But individual countries within the EU can and do have constitutions. Here's title 2, chapter 2, article 28[1] of Romania's constitution:
> Secretul scrisorilor, al telegramelor, al altor trimiteri poştale, al convorbirilor telefonice şi al celorlalte mijloace legale de comunicare este inviolabil.
> Secrecy of the letters, telegrams and other postal communications, of telephone conversations, and of any other legal means of communication is inviolable.
A number of Eastern European countries joined the EU without first bringing their domestic legislation into line with the European treaties. Unsurprisingly, some of those countries have dragged their feet about coming into compliance after the fact.
This is one reason I was in favour of Brexit.
That "title 2 chapter 2" seems reasonable enough to me; but it's a problem if an EU Regulation comes into conflict with the constitution of a member state. If a member state's constitution can override EU legislation, then there's no EU to speak of any more. Any state could then sidestep EU Regulation by simply passing a constitutional clause that declares it unconstitutional.
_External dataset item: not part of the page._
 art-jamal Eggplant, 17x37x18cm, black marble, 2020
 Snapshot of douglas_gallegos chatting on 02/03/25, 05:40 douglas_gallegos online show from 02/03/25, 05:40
What I'm saying is that EU Regulations override the legislation of member states, which are required to be in compliance with Regulations. If Romania has a constitutional clause that is overridden by a new Regulation, that Regulation isn't unconstitutional; rather, the clause ceases to be law (or Romania leaves the EU).
I'm speaking about the German constitution. Which the EU has to be compatible to due to agreements when the EU was formed as else Germany could legally not have joined the EU.
(At least this applies to the articles with special protection in the German constitution, which is in violation with.)
In the USA, I guess. But this is an EU proposal; the EU doesn't have a constitution.